The first mentions concerning the property had already appeared in 1377 when its owner was Reczke. The title of a knightly possession was probably granted the mansion in the XIII or XIV century. In Schulz Bychov’s opinion the stream flowing through the area gave the name to the property and later also the noble family.

With regard to a lack of other records it is impossible to ascertain if the property was simultaneously the abode of the owner which would be related to the existence of the mansion and farm. It is known that in the XV century Bychowo, as a fiefdom and its inhabitants, were governed under Polish law – peasants under German law.

In the XVI century the owners of the property became the family of Pomorski origin von Buchow, whose coat of arms was Zadora. During this period the permanent abode of the owners most likely came into being and the property was extended. The first mansion probably came into being in the XVI or XVII century.

During the course of the later centuries, owners of the property very often changed what did not certainly favour the proper extension of the possession. In the XVIII century the property, which was a noble abode and had 2 granges and 2 mills, belonged to the family von Lubtov for a length of time.
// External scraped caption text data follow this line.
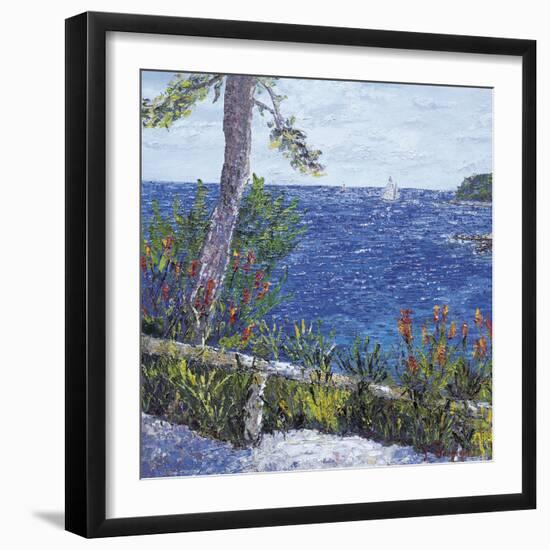 Les Aloes du Cap-Tania Forgione-Framed Giclee Print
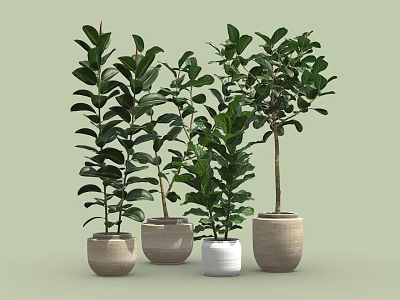 Lush Green Leafy Bonsai Potted Plants In Ceramic Pots For Indoor Decor 3d model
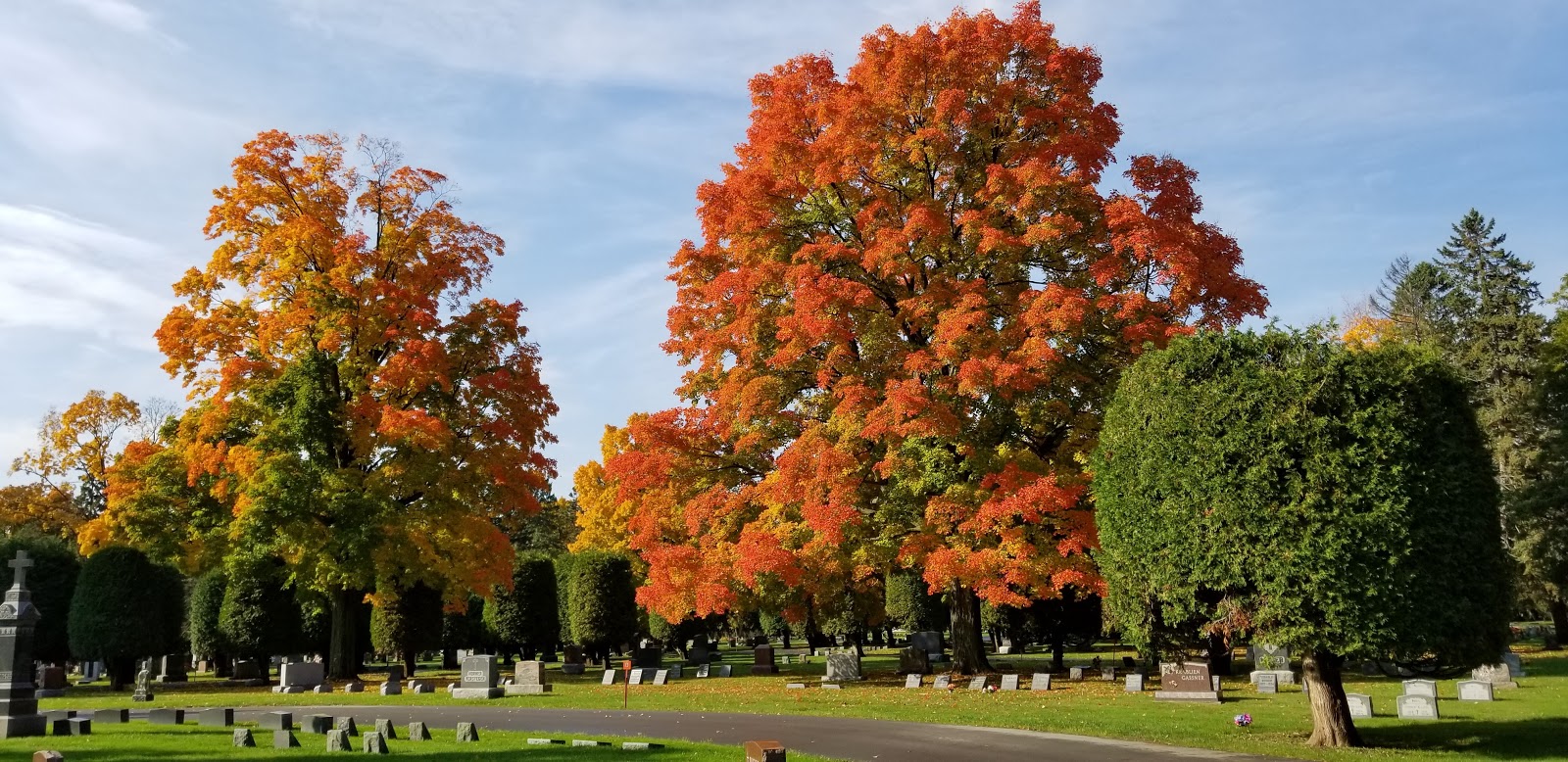 St. Joseph Cemetery cemetery grounds and headstones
A lack of information enables us to make a thorough study of the rise and development of the manorial-park part of the property. The present mansion came into being in the second half of the XIX century. Its rudimentarily remained buildings came into being much earlier in the first half of the XIX century.
During the Second World War the mansion, farm and park establishments were partly damaged. However, their complete devastation came during the 50s and 60s of the twentieth century.

In 1989 the present owner Wladyslaw Brzozowski bought the devastated mansion from Gniewino’s local administrative commune council.
The building was pulled down to its foundations and on basis of architectural expert appraisement and photographic records it was reconstructed in July in 1999. Only the portico with a monumental balustrade survived in its original version.